Addressing a packed hall of students, faculty and visiting family members, Kramer spoke of initially feeling out of place at Exeter when she arrived as a prep from rural upstate New York. “Through the daily practice of sitting at a table with my classmates, from a wide diversity of backgrounds, my confidence grew,” she recounted. “[I]n a way that has allowed me to sit with the discomfort of difference; in a way that has reminded me that accepting our own flawed humanity can be a powerful tool for cultivating empathy.”  

Lifelong drive toward activism

Kramer dedicated many of her remarks to Haiti, the island nation that she called “my greatest teacher, my harshest critic, my deepest joy, my most acute heartache, and through it all, my most powerful inspiration.” From reading the novels of Edwidge Danticat and studying the world’s first successful slave rebellion and its impact on the course of global history, she described becoming fascinated by Haiti when she was a teenager. In 2004, while pursuing her Ph.D. in ecology at Stanford University, she traveled to the island nation for the first time as a human rights observer.

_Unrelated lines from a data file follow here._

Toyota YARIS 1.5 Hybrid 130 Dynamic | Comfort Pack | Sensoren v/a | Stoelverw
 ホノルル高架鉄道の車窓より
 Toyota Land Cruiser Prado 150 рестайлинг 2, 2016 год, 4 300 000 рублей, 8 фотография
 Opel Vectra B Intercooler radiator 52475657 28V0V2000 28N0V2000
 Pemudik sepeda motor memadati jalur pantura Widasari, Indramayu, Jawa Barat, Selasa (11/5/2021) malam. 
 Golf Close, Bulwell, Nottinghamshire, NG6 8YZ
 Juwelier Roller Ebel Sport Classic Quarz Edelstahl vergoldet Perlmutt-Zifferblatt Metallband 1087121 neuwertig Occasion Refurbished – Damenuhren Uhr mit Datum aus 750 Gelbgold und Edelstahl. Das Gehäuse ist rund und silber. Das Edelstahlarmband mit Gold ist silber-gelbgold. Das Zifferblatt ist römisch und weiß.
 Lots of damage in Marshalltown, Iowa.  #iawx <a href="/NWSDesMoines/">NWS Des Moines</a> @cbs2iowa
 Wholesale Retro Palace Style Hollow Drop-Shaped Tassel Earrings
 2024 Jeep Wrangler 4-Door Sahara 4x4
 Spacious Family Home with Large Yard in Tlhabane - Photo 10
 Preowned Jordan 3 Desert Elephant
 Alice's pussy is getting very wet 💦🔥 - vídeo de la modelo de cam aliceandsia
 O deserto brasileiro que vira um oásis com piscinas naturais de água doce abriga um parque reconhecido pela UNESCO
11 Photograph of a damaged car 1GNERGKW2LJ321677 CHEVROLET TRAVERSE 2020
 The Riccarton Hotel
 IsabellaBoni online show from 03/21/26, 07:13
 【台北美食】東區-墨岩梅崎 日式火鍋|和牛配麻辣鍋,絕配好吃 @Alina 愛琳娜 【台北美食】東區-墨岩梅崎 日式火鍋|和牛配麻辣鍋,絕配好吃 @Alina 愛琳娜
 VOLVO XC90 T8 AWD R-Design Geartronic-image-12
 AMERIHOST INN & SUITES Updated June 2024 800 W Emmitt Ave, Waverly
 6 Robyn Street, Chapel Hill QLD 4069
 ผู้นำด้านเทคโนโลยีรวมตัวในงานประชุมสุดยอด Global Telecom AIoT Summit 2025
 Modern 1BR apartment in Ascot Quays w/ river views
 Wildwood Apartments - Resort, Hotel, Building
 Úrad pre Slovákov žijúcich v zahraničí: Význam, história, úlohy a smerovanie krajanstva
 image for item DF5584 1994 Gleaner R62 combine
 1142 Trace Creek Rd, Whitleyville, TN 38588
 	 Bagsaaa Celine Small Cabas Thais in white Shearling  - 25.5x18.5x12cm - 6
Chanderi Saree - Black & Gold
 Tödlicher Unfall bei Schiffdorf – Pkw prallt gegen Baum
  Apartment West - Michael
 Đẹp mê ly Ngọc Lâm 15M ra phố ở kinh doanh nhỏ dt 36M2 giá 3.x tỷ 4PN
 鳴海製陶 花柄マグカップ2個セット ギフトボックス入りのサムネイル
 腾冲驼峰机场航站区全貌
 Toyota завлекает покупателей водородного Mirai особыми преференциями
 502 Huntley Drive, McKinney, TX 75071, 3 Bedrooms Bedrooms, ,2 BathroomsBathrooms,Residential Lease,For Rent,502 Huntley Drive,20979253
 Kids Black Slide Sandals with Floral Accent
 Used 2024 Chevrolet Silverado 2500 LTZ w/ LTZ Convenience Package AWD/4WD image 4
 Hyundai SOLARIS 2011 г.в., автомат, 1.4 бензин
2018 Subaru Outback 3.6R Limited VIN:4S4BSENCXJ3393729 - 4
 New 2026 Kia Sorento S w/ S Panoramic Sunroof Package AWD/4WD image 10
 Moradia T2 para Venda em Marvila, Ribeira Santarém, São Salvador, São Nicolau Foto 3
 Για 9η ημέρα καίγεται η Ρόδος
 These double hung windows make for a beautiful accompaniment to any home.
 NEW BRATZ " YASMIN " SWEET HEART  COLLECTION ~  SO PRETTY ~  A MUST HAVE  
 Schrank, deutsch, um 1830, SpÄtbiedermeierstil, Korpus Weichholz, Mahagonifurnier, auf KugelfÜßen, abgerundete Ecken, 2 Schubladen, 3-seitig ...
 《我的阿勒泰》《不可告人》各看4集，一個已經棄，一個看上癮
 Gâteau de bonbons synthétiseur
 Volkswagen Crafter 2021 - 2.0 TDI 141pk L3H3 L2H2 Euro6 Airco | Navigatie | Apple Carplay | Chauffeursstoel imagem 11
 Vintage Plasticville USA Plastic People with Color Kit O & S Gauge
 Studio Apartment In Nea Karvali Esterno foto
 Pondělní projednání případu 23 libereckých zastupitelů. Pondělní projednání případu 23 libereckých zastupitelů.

“I learned that despite all of the acute human rights abuses happening at the time, the most pervasive human rights abuse in Haiti and globally is poverty,” Kramer said. “While I witnessed terrible suffering, I also witnessed true courage.”  

She would return to Haiti six times over her last two years at Stanford. Determined to use her ecological research to confront the real-world problems of food insecurity and lack of access to sanitation, she moved to northern Haiti and co-founded SOIL in 2006. Through a system called container-based sanitation, the organization works to transform human waste into a resource for fighting climate change and restoring ecosystems, all while helping to reduce the spread of disease and providing employment for Haitian citizens.  

In the aftermath of the devastating 2010 earthquake, SOIL provided emergency public toilets used by some 20,000 people in the capital, Port-au-Prince, and built its first large-scale composting site. Now it is one of Haiti’s largest waste treatment operations, and focuses on developing social business models to provide safe household sanitation in the country’s most vulnerable urban communities.

“Empathy, perspective and perseverance”

Kramer shared with the Assembly audience the greatest lessons Haiti has taught her, saying she hoped they would be relevant to students’ lives as they grow into global citizens. “Much of my academic training focused on objective observation,” she said. “But Haiti quickly taught me that emotional intelligence — the ability to empathize with others, no matter how painful — was the most valuable tool for building the relationships that are pivotal for making change.”

Haiti also taught her perspective, Kramer said, as she set aside personal challenges in the face of “the everyday heroism of my team, who literally would walk through burning roadblocks to ensure sanitation to families cut off by insecurity.” Finally, she learned perseverance. “Undoing centuries of inequality is a lifetime commitment,” Kramer said. “It requires a dedication that takes strength in small victories and the tenacity to persist in the face of immeasurable setbacks.”

A message of gratitude

Kramer closed by thanking her fellow members of the class of 1994, who she said collectively raised more than $6,000 as a show of solidarity for the SOIL team’s work in Haiti. She also thanked the current Exonians in the classes and clubs she met with during her visit, including Simpson’s religion class; Social Innovation, an integrated studies class taught by Director of Service Learning Liz Reyes; and several ESSO groups.

“As I stand before you today, millions of Haitian children face an uncertain educational future as schools across the country close due to insecurity,” Kramer said in her closing remarks. “In a world where education should be a right but remains a privilege, I want to remind you that while this privilege does come with profound responsibility, it also brings with it an incredible opportunity — the opportunity to use your privilege and education to make a difference in the lives of others.”

After Kramer concluded her speech, a gratified Assembly Hall crowd rewarded her with another honor: a standing ovation.